◆ Exercise input:
+ + + +
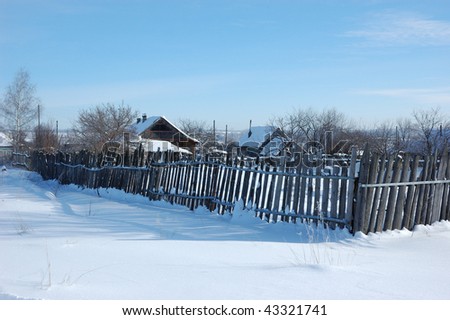View of small snowy russian village with old wooden fence at winter sunny day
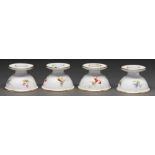 A set of four Furstenberg low candlesticks, 20th c, the domed foot decorated with fruit, 58mm h,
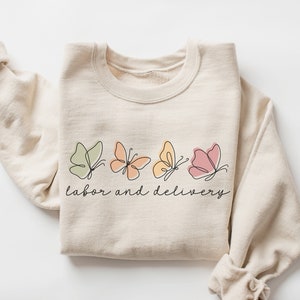 Cream sweatshirt with butterfly “labor and delivery” graphic and crew neckline
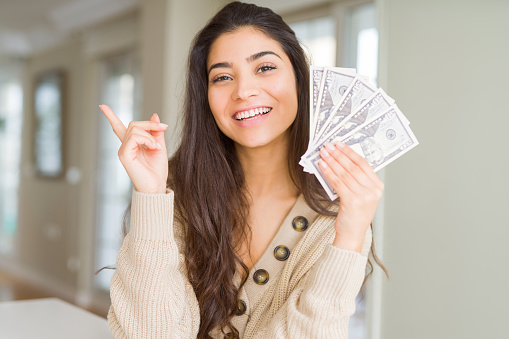 Young woman holding 50 dollars bank notes very happy pointing with hand and finger to the side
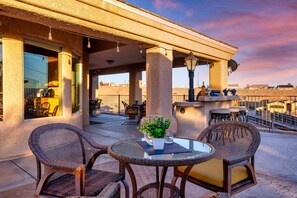An outdoor patio with wicker chairs, a glass table, and a potted plant.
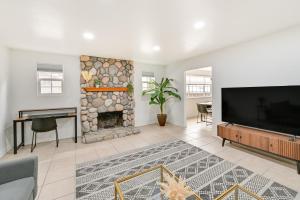a living room with a fireplace and a flat screen tv at Sleek San Diego Vacation Rental with Private Patio! in San Diego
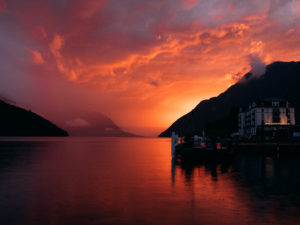 Storm clouds move in as the sun sets over Lake Lucerne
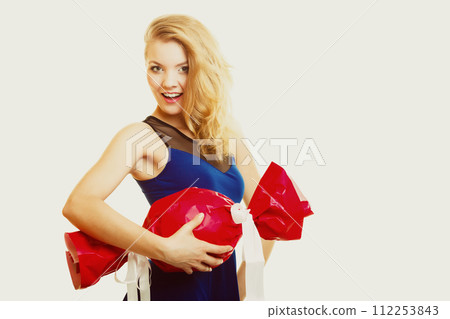 holidays love happiness concept - girl with red gift 112253843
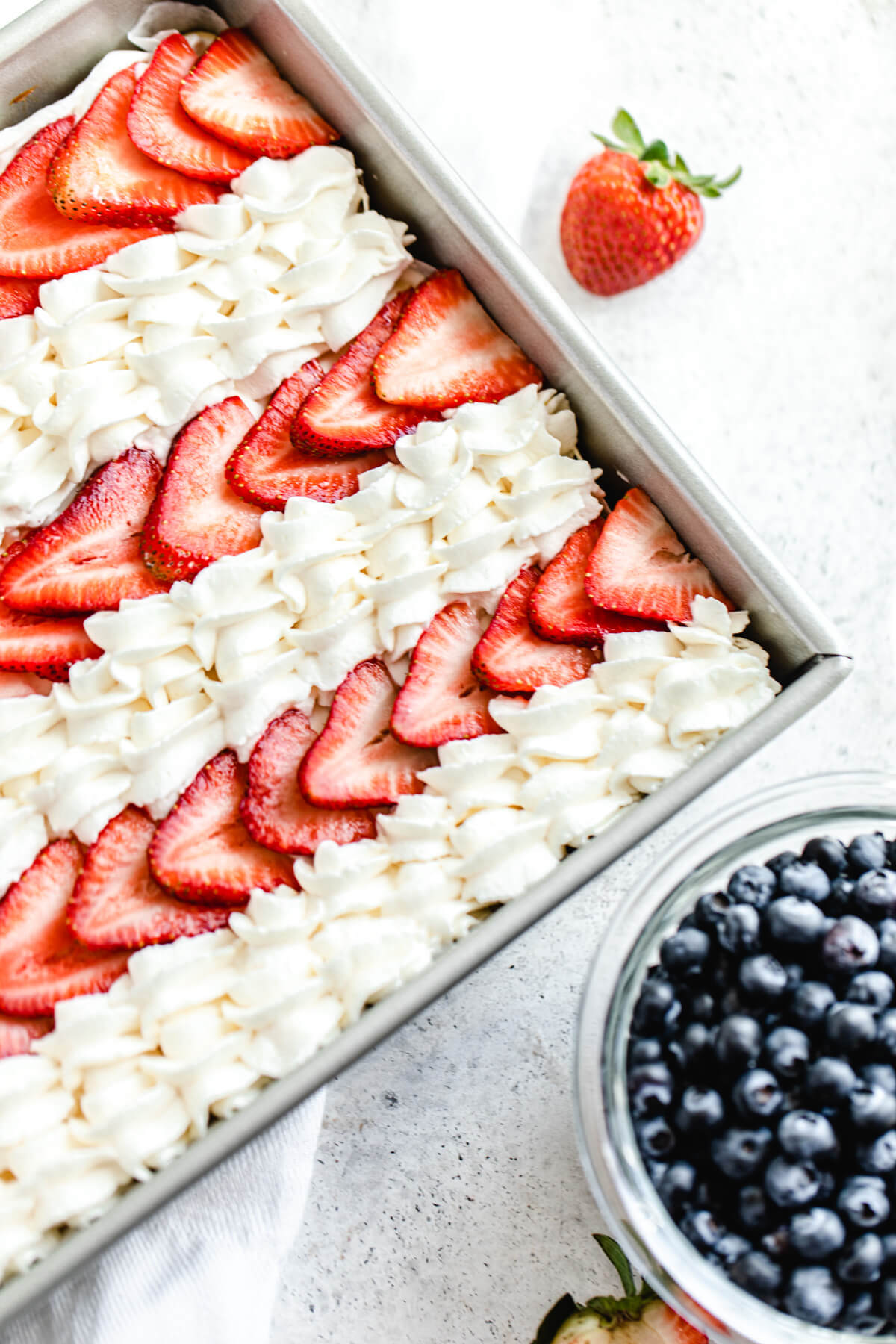 close up of sliced strawberries and whipped cream stripes on a cheesecake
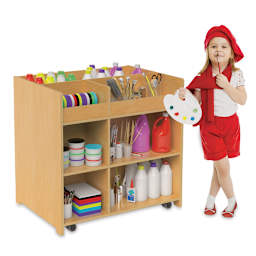 Whitney Brothers Deluxe Mobile Art Supply Cart Child artist standing next to fully loaded cart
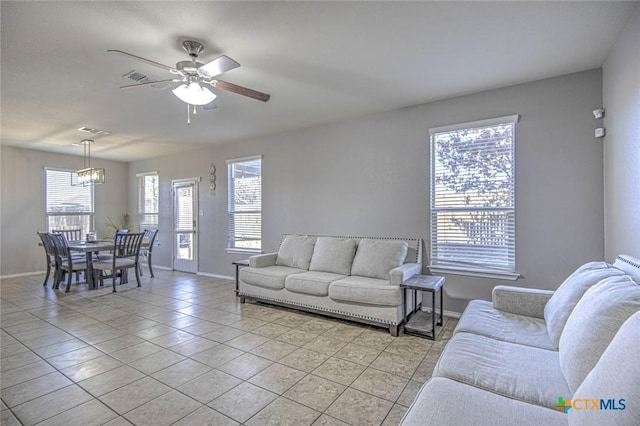 tiled living room with ceiling fan with notable chandelier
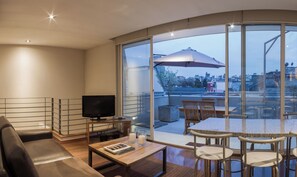 Ein modernes Wohnzimmer mit Flachbildfernseher, Couchtisch mit Büchern, Sofa und Essbereich mit Stühlen und Tisch.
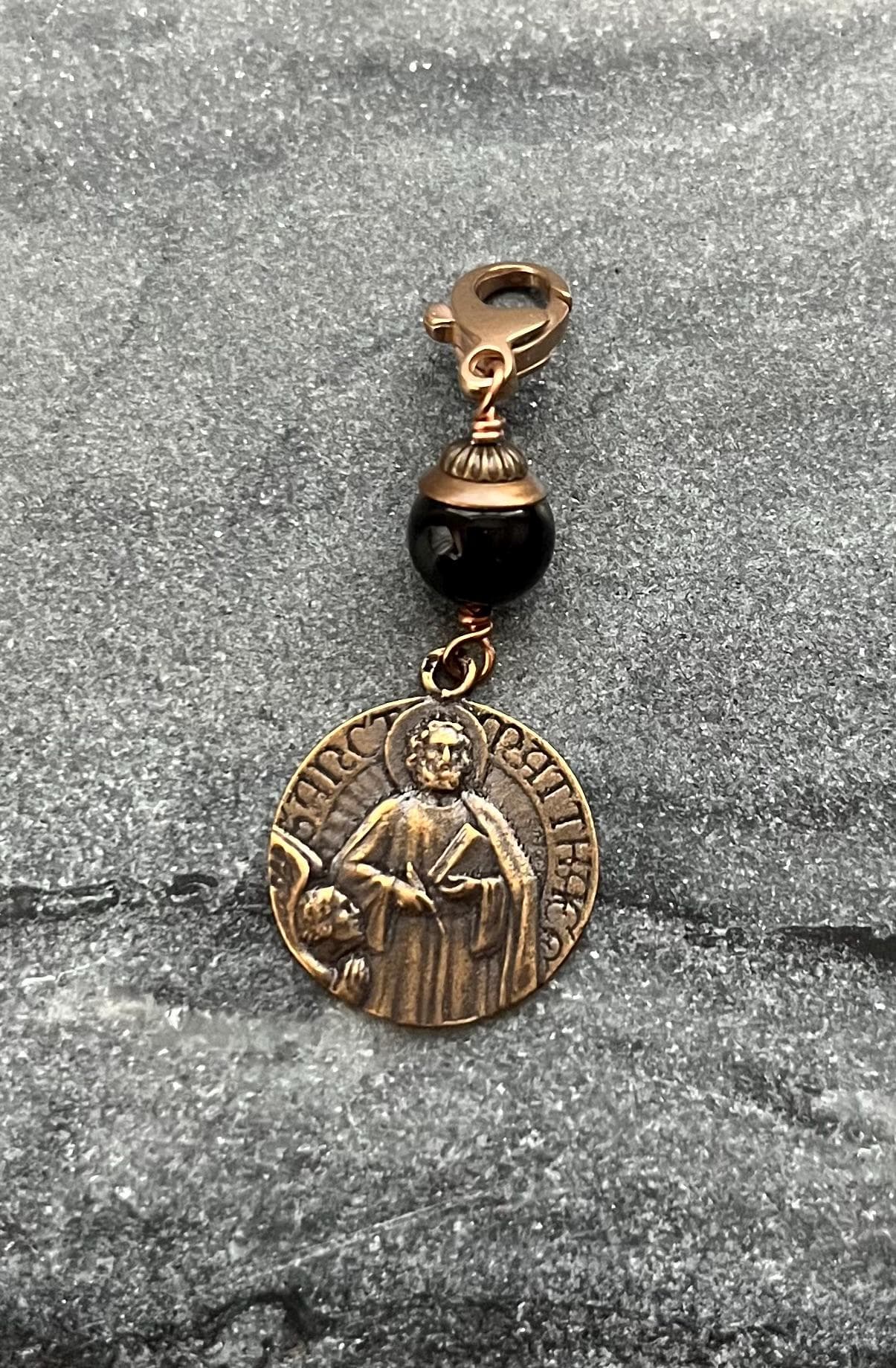 Bag Charm Saint Matthew Zipper Pull - Bronze and Onyx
+ + + +
◆ Task to carry out: Line for line, output the entries above from the line with "Storm clouds move" to the line with "Whitney Brothers Deluxe", both included, and nothing more. Skip pictures.

◆ Answer to the problem:
 Storm clouds move in as the sun sets over Lake Lucerne
 holidays love happiness concept - girl with red gift 112253843
 close up of sliced strawberries and whipped cream stripes on a cheesecake
 Whitney Brothers Deluxe Mobile Art Supply Cart Child artist standing next to fully loaded cart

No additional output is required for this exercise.